The SEC began its latest crackdown on penny-stock fraud in 2010 and had sued 40 individuals and 24 companies as of August, according to its website. In July, the agency formed a microcap-fraud task force. Short-sellers and stock promoters said in interviews that AwesomePennyStocks was the most successful of the penny-stock websites and that they had tried for years to figure out who was behind it. One promoter, who asked for anonymity because he's facing SEC market-manipulation claims, likened AwesomePennyStocks to Keyser Soze -- the character portrayed by Kevin Spacey in the 1995 film "The Usual Suspects" whose power is legendary and identity a secret. "It was always kind of a mystery," Peter Nicosia, who runs a stock-promotion site called Bull in Advantage, said late last year. "They had the market cornered."

Do the Math: $3 Billion Then, 1 Cent Today

AwesomePennyStocks built a list of subscribers with keyword advertising on search engines, bidding up the price of phrases like "penny stocks" to more than $2 a click, Nicosia said. Its e-mails generated the most stock buying in the industry, he said.

"The sheep that buy end up holding the bag and losing everything," said Randall Place, a lawyer who used to investigate penny stocks for a predecessor of the Financial Industry Regulatory Authority.

AwesomePennyStocks promoted at least 39 companies since 2009, according to e-mails sent to investors and reviewed by Bloomberg News.
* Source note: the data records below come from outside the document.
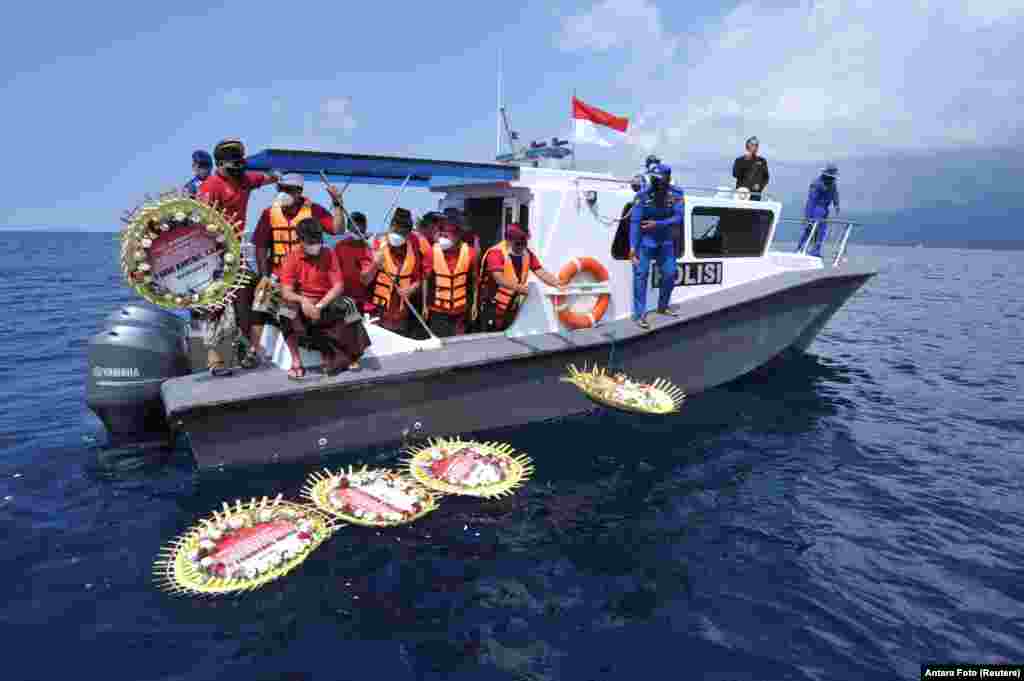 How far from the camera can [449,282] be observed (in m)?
6.15

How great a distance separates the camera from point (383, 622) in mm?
3533

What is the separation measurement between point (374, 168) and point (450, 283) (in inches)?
54.4

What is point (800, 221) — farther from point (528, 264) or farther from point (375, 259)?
point (375, 259)

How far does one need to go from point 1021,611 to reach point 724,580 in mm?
2016

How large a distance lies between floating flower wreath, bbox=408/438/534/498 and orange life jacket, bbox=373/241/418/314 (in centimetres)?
163

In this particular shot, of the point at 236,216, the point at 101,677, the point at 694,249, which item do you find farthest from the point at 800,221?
the point at 101,677

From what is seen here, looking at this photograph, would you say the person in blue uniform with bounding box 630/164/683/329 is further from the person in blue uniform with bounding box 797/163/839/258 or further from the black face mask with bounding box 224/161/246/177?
the black face mask with bounding box 224/161/246/177

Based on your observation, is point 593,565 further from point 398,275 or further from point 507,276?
point 398,275

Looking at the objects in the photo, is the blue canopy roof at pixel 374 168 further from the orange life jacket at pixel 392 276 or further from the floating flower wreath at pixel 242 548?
the floating flower wreath at pixel 242 548

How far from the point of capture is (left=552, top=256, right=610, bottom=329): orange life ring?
6.72 m

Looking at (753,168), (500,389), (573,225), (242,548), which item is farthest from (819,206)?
(242,548)

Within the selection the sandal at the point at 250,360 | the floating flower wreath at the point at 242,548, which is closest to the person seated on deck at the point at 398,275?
the sandal at the point at 250,360

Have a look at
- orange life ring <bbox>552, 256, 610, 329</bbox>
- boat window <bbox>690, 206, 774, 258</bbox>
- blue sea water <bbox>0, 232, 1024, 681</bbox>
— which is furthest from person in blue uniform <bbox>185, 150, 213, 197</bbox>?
boat window <bbox>690, 206, 774, 258</bbox>

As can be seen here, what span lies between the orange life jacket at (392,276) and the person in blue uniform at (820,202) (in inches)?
245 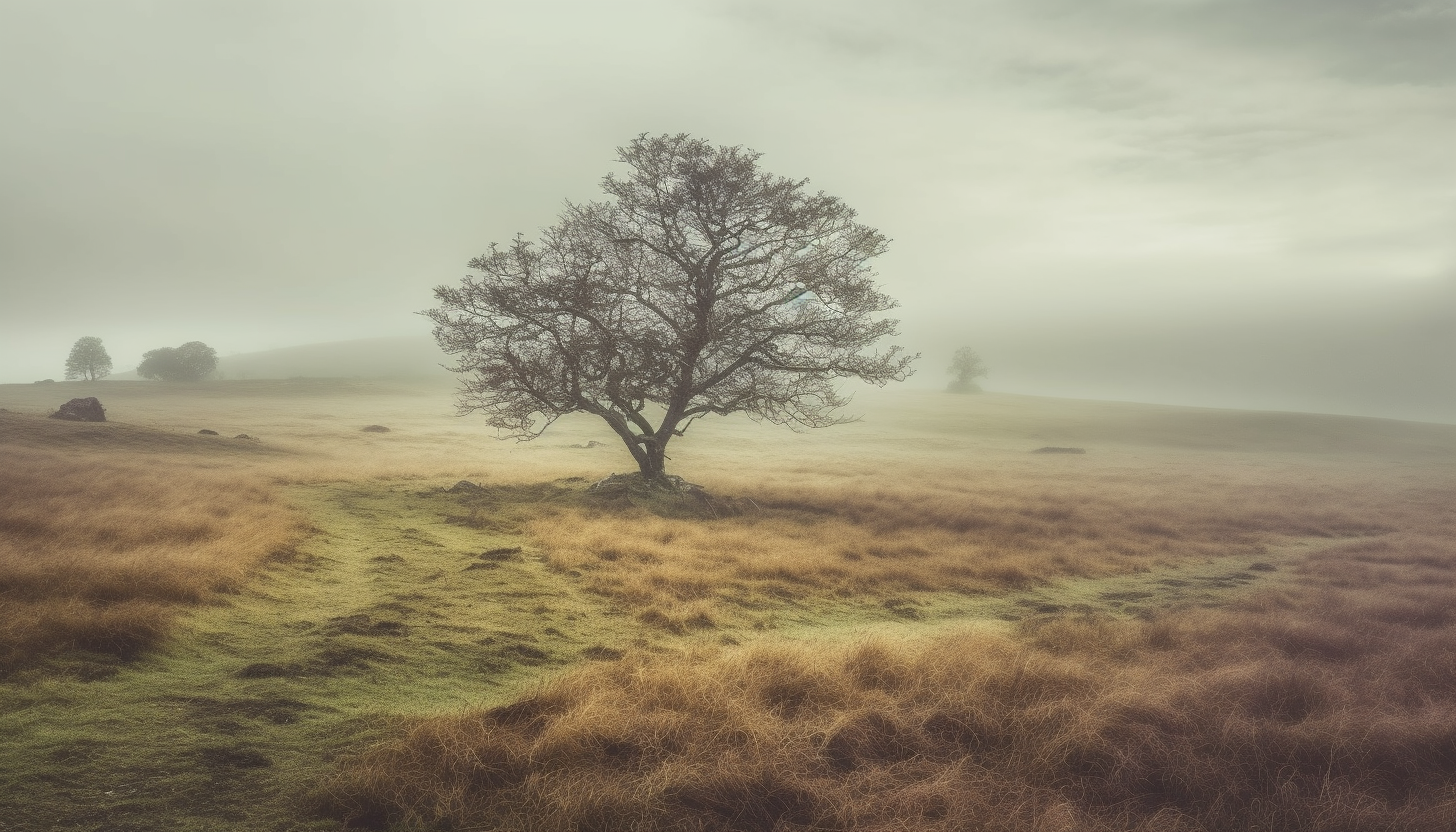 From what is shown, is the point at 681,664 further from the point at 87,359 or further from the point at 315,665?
the point at 87,359

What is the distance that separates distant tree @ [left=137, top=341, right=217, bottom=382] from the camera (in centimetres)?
8206

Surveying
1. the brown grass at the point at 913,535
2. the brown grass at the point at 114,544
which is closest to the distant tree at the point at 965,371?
the brown grass at the point at 913,535

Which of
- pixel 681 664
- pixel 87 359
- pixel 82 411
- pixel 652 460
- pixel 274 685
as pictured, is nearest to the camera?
pixel 274 685

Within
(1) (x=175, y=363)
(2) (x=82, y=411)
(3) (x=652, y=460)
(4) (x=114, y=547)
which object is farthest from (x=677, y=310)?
(1) (x=175, y=363)

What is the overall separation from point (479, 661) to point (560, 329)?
1423 centimetres

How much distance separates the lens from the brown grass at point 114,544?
23.5 ft

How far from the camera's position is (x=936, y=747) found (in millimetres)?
5629

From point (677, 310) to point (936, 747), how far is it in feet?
56.2

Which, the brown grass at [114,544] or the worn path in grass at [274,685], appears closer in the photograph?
the worn path in grass at [274,685]

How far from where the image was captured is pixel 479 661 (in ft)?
26.0

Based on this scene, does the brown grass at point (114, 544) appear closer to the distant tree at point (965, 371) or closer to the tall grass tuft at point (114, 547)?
the tall grass tuft at point (114, 547)

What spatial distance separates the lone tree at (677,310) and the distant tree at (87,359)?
9031 centimetres

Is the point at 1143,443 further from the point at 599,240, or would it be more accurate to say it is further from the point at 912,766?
the point at 912,766

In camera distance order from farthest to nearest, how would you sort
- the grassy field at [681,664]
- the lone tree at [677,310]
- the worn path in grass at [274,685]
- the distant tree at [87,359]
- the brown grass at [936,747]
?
1. the distant tree at [87,359]
2. the lone tree at [677,310]
3. the grassy field at [681,664]
4. the brown grass at [936,747]
5. the worn path in grass at [274,685] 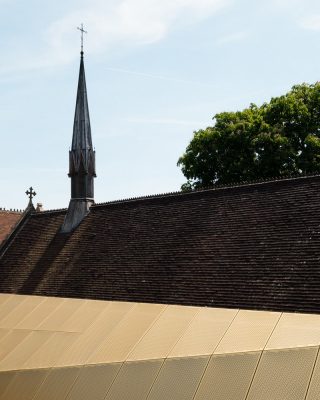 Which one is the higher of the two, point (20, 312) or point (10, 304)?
point (10, 304)

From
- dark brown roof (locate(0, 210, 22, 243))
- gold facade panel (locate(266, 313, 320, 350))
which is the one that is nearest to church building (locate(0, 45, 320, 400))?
gold facade panel (locate(266, 313, 320, 350))

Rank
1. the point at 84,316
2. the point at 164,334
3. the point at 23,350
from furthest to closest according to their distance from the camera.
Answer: the point at 84,316
the point at 23,350
the point at 164,334

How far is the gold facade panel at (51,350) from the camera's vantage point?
14.5 metres

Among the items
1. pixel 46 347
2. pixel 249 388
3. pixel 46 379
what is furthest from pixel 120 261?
pixel 249 388

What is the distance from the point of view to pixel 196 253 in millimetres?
19500

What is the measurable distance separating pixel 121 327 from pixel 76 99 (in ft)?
57.3

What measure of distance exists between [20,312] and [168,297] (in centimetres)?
529

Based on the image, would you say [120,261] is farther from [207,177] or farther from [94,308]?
[207,177]

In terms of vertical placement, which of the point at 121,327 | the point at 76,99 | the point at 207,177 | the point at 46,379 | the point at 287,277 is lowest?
the point at 46,379

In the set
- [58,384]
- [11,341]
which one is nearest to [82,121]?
[11,341]

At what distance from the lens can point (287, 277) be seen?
1622 cm

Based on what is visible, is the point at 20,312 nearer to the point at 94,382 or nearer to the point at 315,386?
the point at 94,382

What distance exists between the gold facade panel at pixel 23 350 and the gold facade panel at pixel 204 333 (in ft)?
15.4

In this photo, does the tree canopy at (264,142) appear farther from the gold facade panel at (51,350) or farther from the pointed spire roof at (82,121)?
the gold facade panel at (51,350) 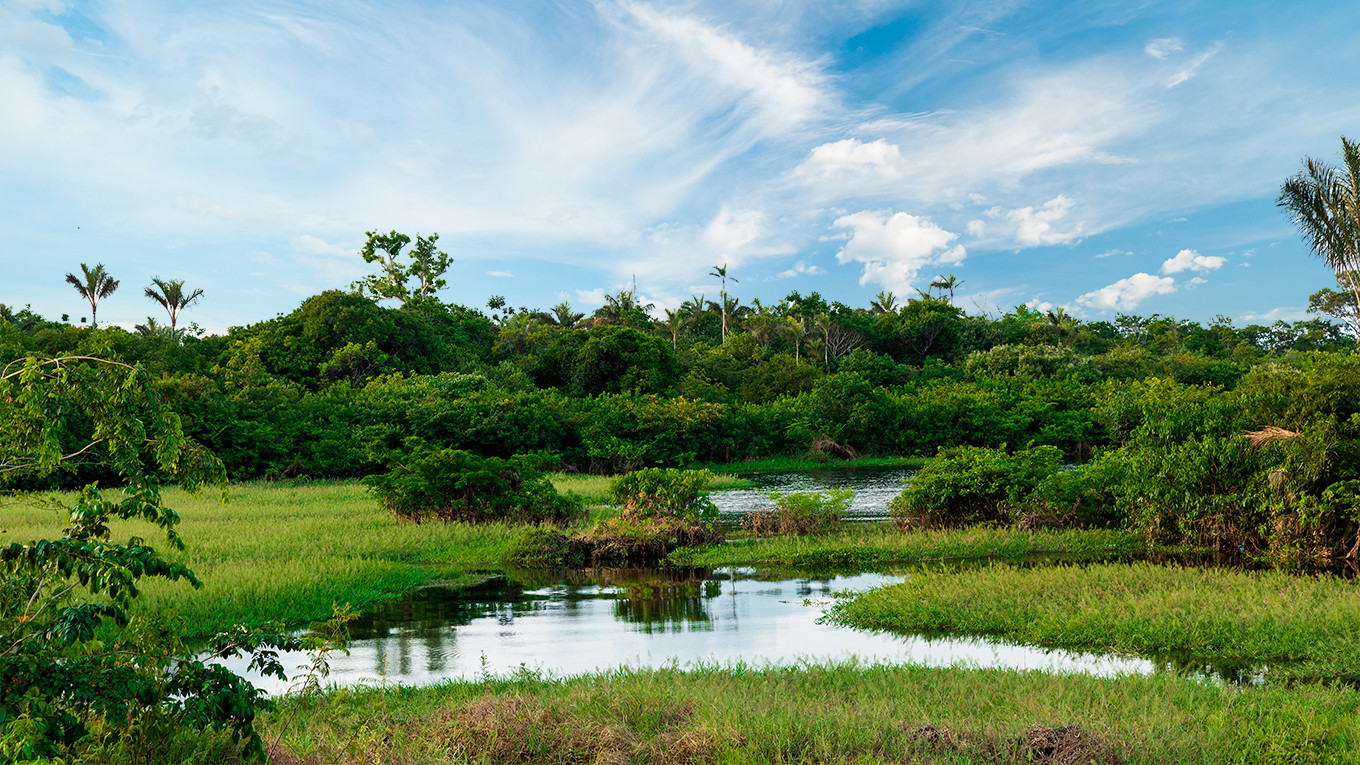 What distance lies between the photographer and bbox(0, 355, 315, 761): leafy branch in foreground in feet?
15.0

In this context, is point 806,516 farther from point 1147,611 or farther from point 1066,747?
point 1066,747

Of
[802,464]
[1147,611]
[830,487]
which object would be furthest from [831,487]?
[1147,611]

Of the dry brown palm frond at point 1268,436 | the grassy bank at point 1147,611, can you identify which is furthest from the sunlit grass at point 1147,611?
the dry brown palm frond at point 1268,436

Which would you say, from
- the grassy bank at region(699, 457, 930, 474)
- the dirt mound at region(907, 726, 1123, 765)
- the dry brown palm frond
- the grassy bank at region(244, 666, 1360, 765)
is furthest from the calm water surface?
the dirt mound at region(907, 726, 1123, 765)

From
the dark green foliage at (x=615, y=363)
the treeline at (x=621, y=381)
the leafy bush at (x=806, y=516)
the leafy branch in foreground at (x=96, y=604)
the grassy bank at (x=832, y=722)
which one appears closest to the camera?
the leafy branch in foreground at (x=96, y=604)

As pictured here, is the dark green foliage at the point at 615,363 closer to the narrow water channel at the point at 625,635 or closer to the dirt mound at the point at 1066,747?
the narrow water channel at the point at 625,635

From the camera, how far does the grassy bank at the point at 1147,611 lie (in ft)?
29.8

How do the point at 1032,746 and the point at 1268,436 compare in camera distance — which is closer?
the point at 1032,746

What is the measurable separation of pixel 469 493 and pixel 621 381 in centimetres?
3092

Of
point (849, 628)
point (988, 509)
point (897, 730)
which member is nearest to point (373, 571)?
point (849, 628)

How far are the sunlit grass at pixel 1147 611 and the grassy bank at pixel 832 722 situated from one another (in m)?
1.46

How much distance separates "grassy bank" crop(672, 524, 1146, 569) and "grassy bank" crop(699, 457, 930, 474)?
27.5 meters

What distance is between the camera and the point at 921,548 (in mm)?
16391

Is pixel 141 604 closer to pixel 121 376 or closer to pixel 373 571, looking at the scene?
pixel 373 571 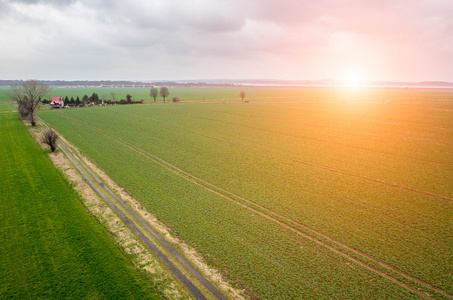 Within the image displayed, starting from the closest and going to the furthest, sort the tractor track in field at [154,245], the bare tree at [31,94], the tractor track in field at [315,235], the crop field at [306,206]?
the tractor track in field at [154,245] → the tractor track in field at [315,235] → the crop field at [306,206] → the bare tree at [31,94]

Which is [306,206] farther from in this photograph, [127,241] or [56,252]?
[56,252]

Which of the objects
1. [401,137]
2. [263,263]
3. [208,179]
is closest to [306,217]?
[263,263]

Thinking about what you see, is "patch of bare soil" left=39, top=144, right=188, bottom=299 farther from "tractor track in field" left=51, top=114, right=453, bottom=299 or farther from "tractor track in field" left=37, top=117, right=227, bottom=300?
"tractor track in field" left=51, top=114, right=453, bottom=299

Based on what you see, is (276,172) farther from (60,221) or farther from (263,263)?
(60,221)

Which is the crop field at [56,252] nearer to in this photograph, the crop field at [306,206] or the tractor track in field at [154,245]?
the tractor track in field at [154,245]

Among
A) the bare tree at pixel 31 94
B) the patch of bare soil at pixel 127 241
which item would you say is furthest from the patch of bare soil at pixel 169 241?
the bare tree at pixel 31 94

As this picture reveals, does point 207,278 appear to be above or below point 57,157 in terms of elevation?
below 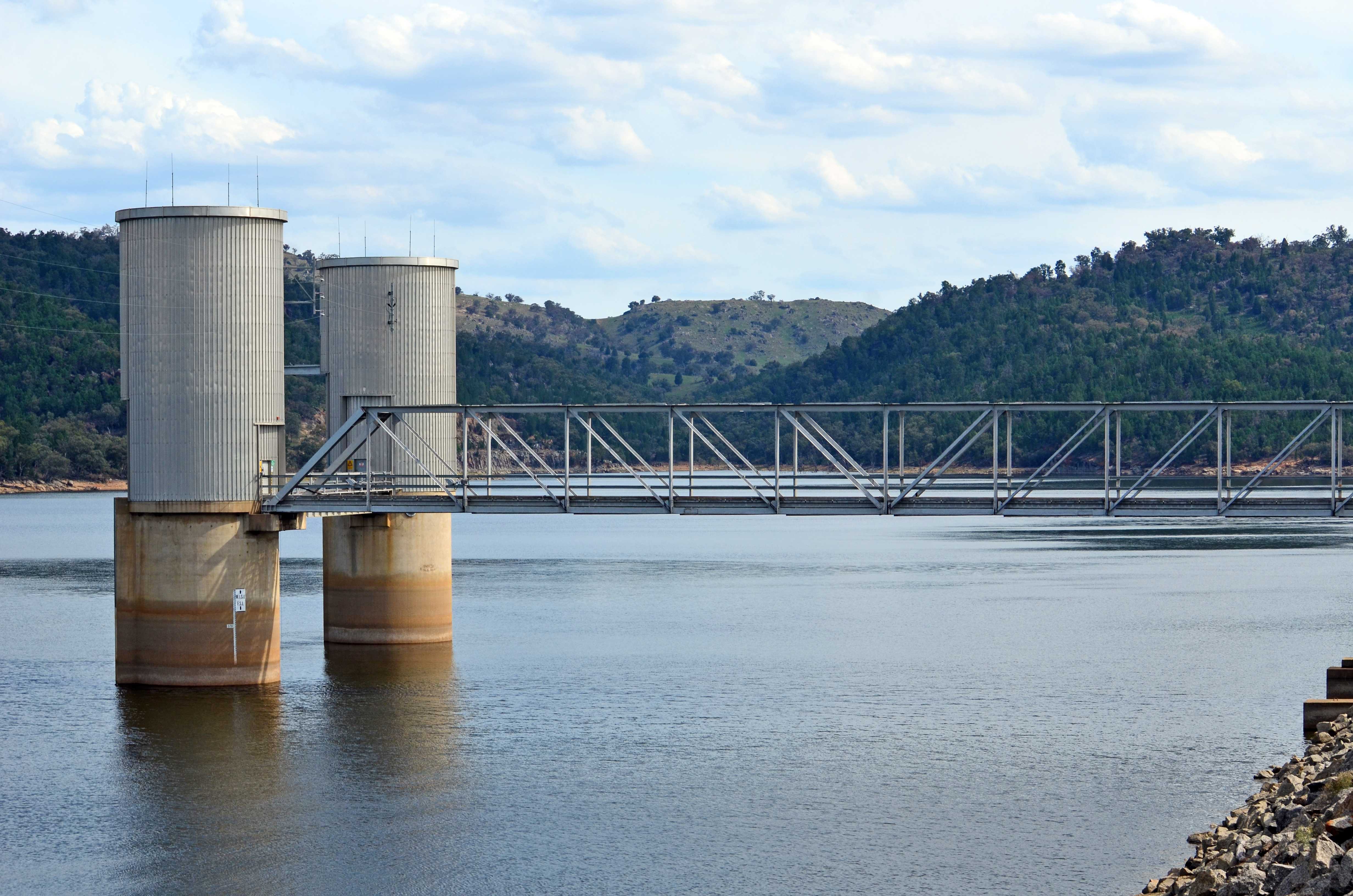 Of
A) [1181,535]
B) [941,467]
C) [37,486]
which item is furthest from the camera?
[37,486]

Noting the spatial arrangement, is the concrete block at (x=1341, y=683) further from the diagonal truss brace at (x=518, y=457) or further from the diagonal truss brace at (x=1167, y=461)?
the diagonal truss brace at (x=518, y=457)

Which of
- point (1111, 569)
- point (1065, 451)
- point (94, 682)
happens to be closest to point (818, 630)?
point (1065, 451)

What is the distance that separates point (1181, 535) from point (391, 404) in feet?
281

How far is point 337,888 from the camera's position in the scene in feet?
89.9

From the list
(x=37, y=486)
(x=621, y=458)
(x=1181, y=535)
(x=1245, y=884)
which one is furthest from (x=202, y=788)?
(x=37, y=486)

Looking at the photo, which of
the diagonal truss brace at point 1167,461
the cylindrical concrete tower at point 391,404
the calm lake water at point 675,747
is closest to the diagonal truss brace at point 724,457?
the calm lake water at point 675,747

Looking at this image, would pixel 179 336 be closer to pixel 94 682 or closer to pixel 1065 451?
pixel 94 682

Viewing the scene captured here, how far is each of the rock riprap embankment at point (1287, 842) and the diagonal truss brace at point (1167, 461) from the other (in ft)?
27.9

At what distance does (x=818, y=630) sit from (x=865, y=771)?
25.7 meters

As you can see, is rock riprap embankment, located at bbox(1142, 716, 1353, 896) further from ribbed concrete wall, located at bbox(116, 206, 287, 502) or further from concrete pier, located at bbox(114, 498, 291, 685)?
ribbed concrete wall, located at bbox(116, 206, 287, 502)

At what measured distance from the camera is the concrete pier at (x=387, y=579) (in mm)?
51031

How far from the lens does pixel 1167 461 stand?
43750 mm

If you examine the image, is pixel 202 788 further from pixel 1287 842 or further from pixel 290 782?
pixel 1287 842

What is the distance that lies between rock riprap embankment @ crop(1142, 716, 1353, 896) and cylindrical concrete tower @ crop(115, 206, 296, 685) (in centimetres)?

They included Calgary-based mining firms and a company in Scottsdale, Ariz., that owned medical-marijuana dispensaries. Another company in Boca Raton, Fla., sought to "redefine human donor organ procurement," according to a 2011 statement. The value of the 39 stocks increased by more than $3 billion during the days AwesomePennyStocks was promoting them. Most of the shares now trade for less than 1 cent each. The SEC accused Babikian of inflating the value of one of those stocks.

The promotion cited by the SEC involved America West Resources, a Salt Lake City coal company. AwesomePennyStocks and another list called PennyStocksUniverse sent messages promoting the company's shares on Feb. 23, 2012, according to the SEC. The stock rose as high as $1.80 from 29 cents as more than 7.8 million shares were traded, more than double the total volume in the prior year, the agency said. Babikian sold at least 1.3 million shares for $1.9 million, according to the SEC. America West filed for bankruptcy protection last year.